Most people don't think twice about how Internet search engines work. You type in a word or phrase, hit enter, and poof – a list of web pages pops up, organized by relevance.
Behind the scenes, a lot of math goes into figuring out exactly what qualifies as most relevant web page for your search. Google, for example, uses a page ranking algorithm that is rumored to be the largest numerical calculation carried out anywhere in the world. With the web constantly expanding, researchers at USC have proposed – and demonstrated the feasibility – of using quantum computers to speed up that process.
"This work is about trying to speed up the way we search on the web," said Daniel Lidar, corresponding author of a paper on the research that appeared in the journal Physical Review Letters on June 4.
As the Internet continues to grow, the time and resources needed to run the calculation – which is done daily – grow with it, Lidar said.
Lidar, who holds appointments at the USC Viterbi School of Engineering and the USC Dornsife College of Letters, Arts and Sciences, worked with colleagues Paolo Zanardi of USC Dornsife and first author Silvano Garnerone, formerly a postdoctoral researcher at USC and now of the University of Waterloo, to see whether quantum computing could be used to run the Google algorithm faster.
As opposed to traditional computer bits, which can encode distinctly either a one or a zero, quantum computers use quantum bits or "qubits," which can encode a one and a zero at the same time. This property, called superposition, some day will allow quantum computers to perform certain calculations much faster than traditional computers.
Currently, there isn't a quantum computer in the world anywhere near large enough to run Google's page ranking algorithm for the entire web. To simulate how a quantum computer might perform, the researchers generated models of the web that simulated a few thousand web pages.
The simulation showed that a quantum computer could, in principle, return the ranking of the most important pages in the web faster than traditional computers, and that this quantum speedup would improve the more pages needed to be ranked.

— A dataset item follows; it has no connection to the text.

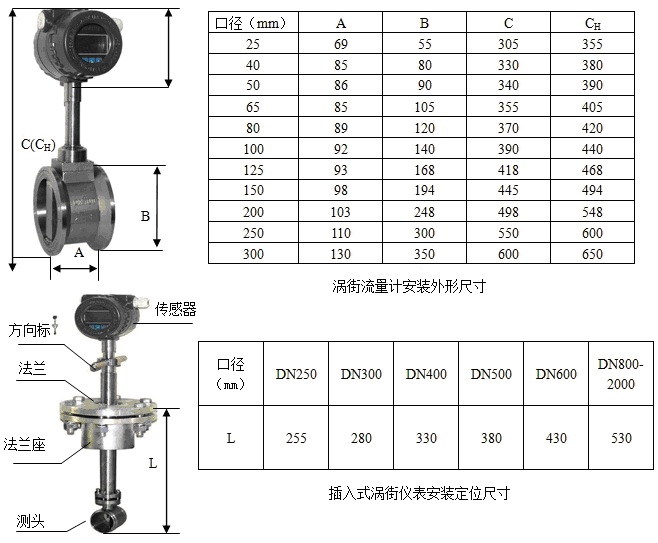 渦街流量計外形尺寸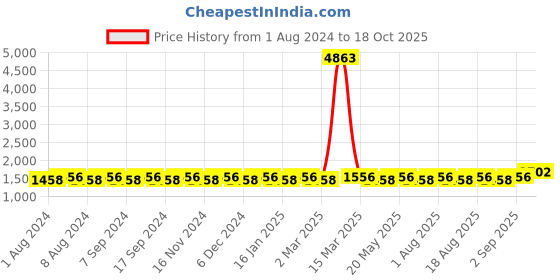 myntra.com MANVAA Ethnic Motifs Beads & Stones Pure Cotton Unstitched Dress Material manvaa Price History Graph from 1 Aug 2024 to 18 Oct 2025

Further, the researchers showed that to simply determine whether the web's page rankings should be updated, a quantum computer would be able to spit out a yes-or-no answer exponentially faster than a traditional computer.
This research was funded by number of sources, including the National Science Foundation, the NASA Ames Research Center, the Lockheed Martin Corporation University Research Initiative program, and a Google faculty research award to Lidar.